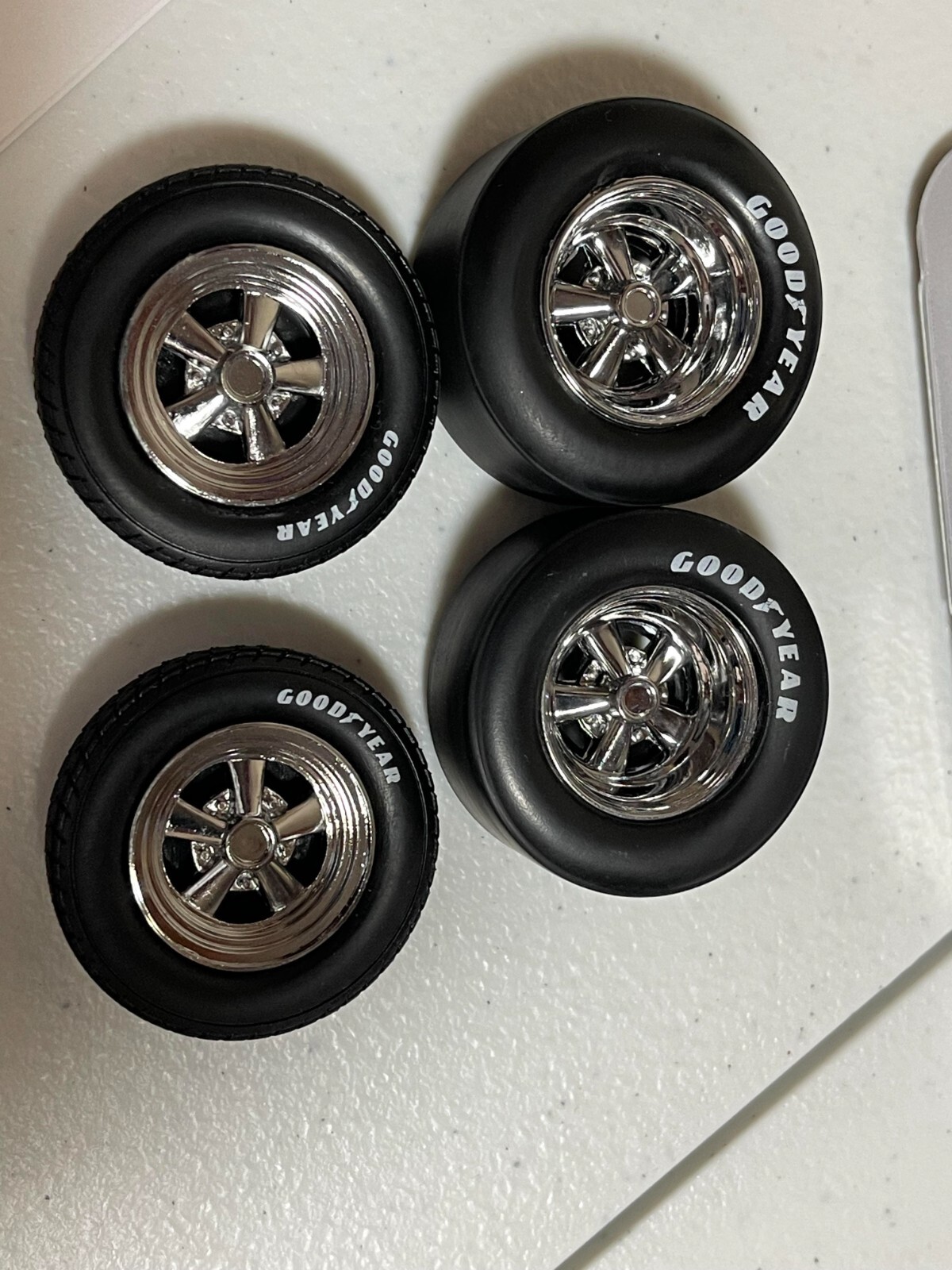 1/18 GMP MUSCLE CAR DEEP DISH 5 SPOKE DRAG WHEELS AND GOODYEAR TIRE SET 19005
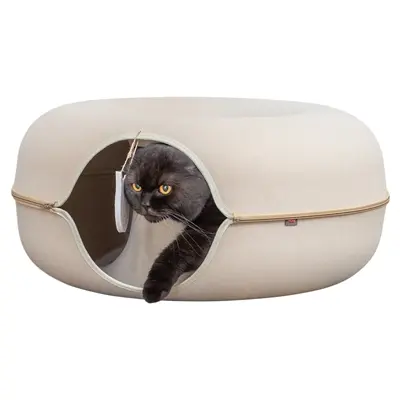 Trixie speeldonut vilt beige 60 x 60 cm – speel- en rustplek voor katten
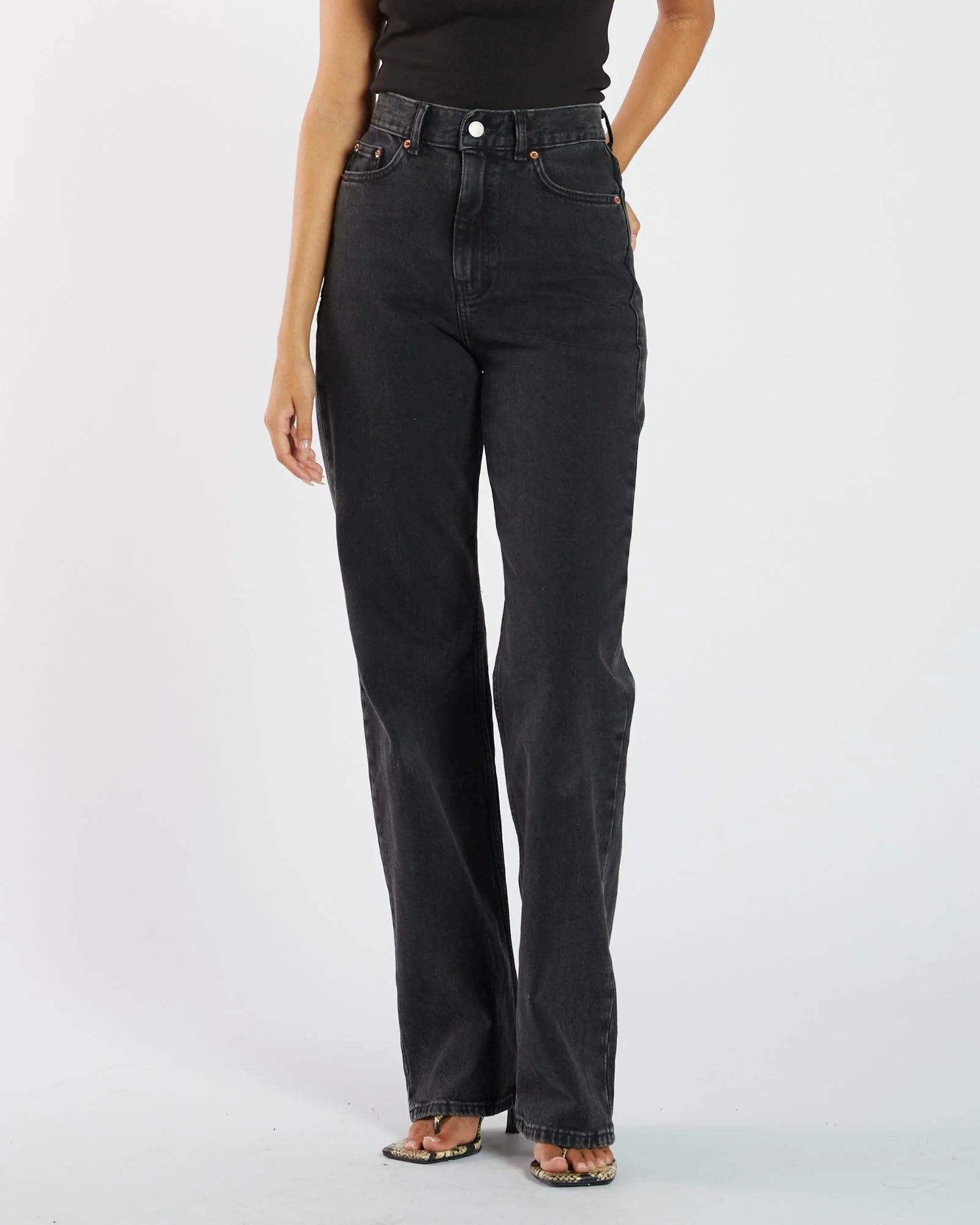 Echo High Straight  - Tar Retro Black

Exercise brief: The answer should consist only of the lines from the line with "Trixie speeldonut vilt" through the last line of the data, repeated exactly; pictures stay out.

The completed task:
 Trixie speeldonut vilt beige 60 x 60 cm – speel- en rustplek voor katten
 Echo High Straight  - Tar Retro Black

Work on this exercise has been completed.